_INFORMATION PROVIDED_.
########################################
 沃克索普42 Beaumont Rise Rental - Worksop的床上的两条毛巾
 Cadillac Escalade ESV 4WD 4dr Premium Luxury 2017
########################################
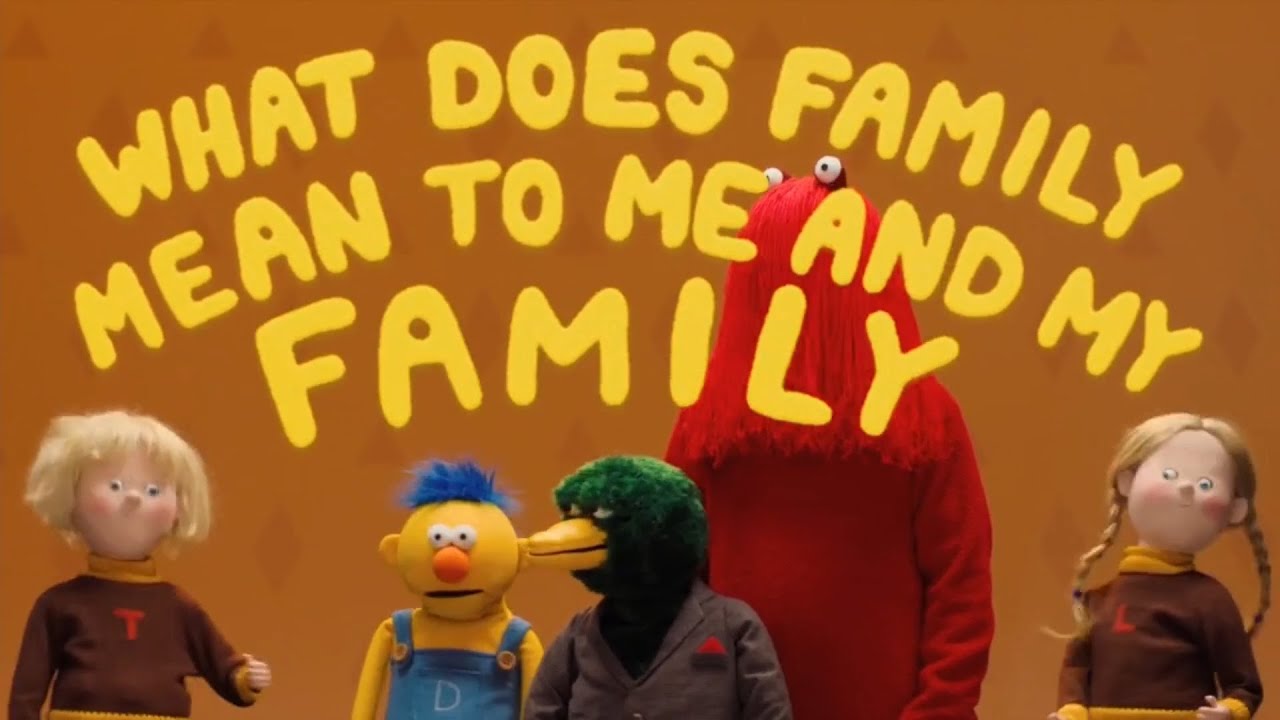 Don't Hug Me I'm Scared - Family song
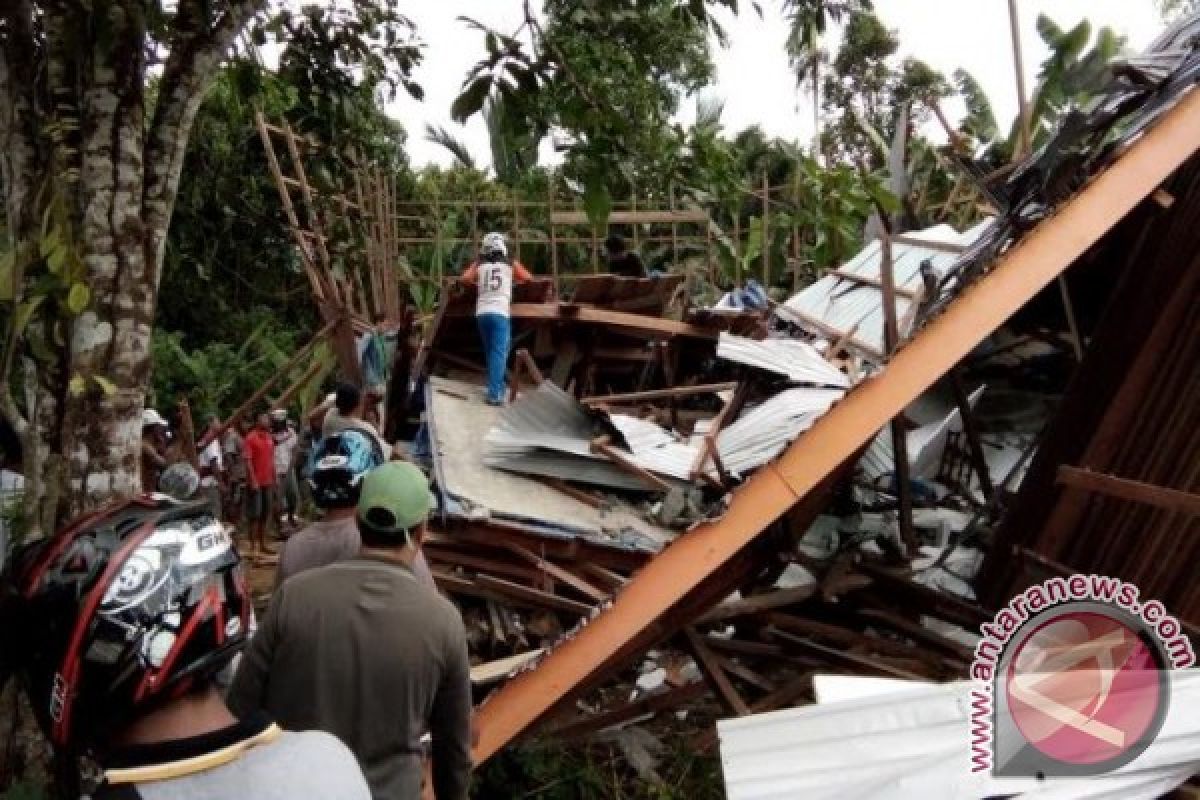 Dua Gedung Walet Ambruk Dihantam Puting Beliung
########################################
_PROMPT_. What you give back should be only the lines of the records above, starting at the line with "沃克索普42 Beaumont Rise" and ending at the line with "Cadillac Escalade ESV", restated word for word.

_SOLUTION TO THIS EXERCISE_.
 沃克索普42 Beaumont Rise Rental - Worksop的床上的两条毛巾
 Cadillac Escalade ESV 4WD 4dr Premium Luxury 2017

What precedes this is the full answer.